To further determine the effect of the MARVELD1 deletion variants on NMD, HEK293 cells transiently expressing these deletion proteins were cotransfected with the pmCMV-G1 test plasmid (Norm or Ter) and the phCMV-MUP reference plasmid. Total RNA was collected after 48 hours. Real-time PCR revealed that Flag-MARVELD1(1-173), Flag-MARVELD1(1-69) and Flag-MARVELD1(1-144), unlike Flag-MARVELD1(1-33), indeed repressed NMD: the level of β-globin mRNA containing a PTC at position 39 (Ter) was 80%-90% of normal in the presence of Flag-MARVELD1(1-173), Flag-MARVELD1(1-69) or Flag-MARVELD1(1-144) but less than 25% of normal in the presence of Flag-MARVELD(1-33) or Flag (Figure 4C, left panel). Therefore, the presence of amino acids 34-69 of MARVELD1 increased the level of PTC-containing β-globin mRNA more than 3-fold compared with the level when this region was absent.

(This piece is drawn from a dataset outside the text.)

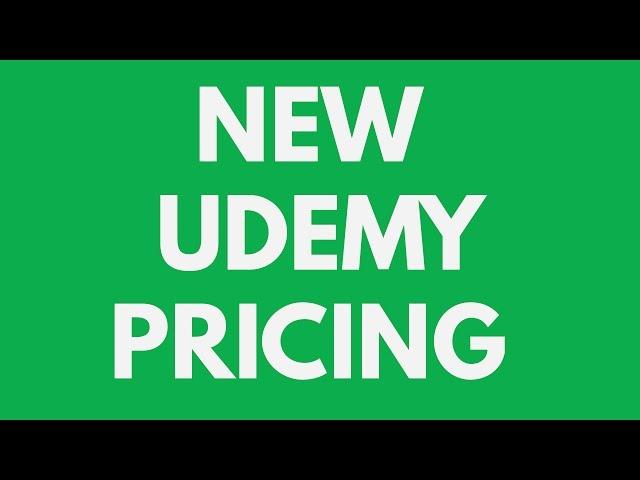 Udemy New Pricing: Phil Ebiner's Reaction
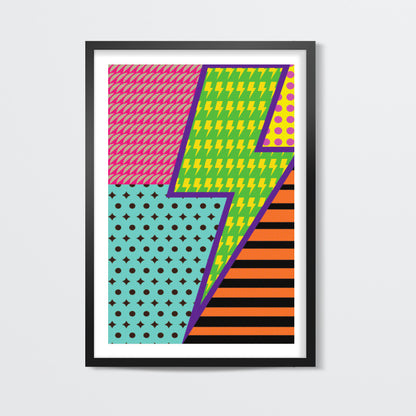 Pop Art Lightning Poster Wall Art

The above results implied that the region containing amino acids 34 to 69 was important for the inhibitory effect of MARVELD1 on NMD. We constructed another deletion variant, Flag-MARVELD1(Δ34-69), which was deleted for amino acids 34 to 69. Coimmunoprecipitations were performed using lysates of HEK293 cells transiently transfected with pcDNA3.1-Flag-MARVELD1(1-173), pcDNA3.1-Flag-MARVELD1(Δ34-69) or the control plasmid pcDNA3.1-Flag. Western blotting indicated that MARVELD1 no longer associated with UPF1 when amino acids 34 to 69 were absent (Figure 4B). Additionally, real-time PCR results of the NMD reporter genes indicated that the level of PTC-containing β-globin mRNA was only approximately 30% of normal without amino acids 34 to 69 and was similar to the level in the presence of the control plasmid (Figure 4C, the right panel). That is, MARVELD1 did not inhibit NMD without amino acids 34 to 69. Therefore, amino acids 34 to 69 indeed contain the specific site required for the interaction between MARVELD1 and UPF1 and are responsible for the inhibitory effect of MARVELD1 on NMD.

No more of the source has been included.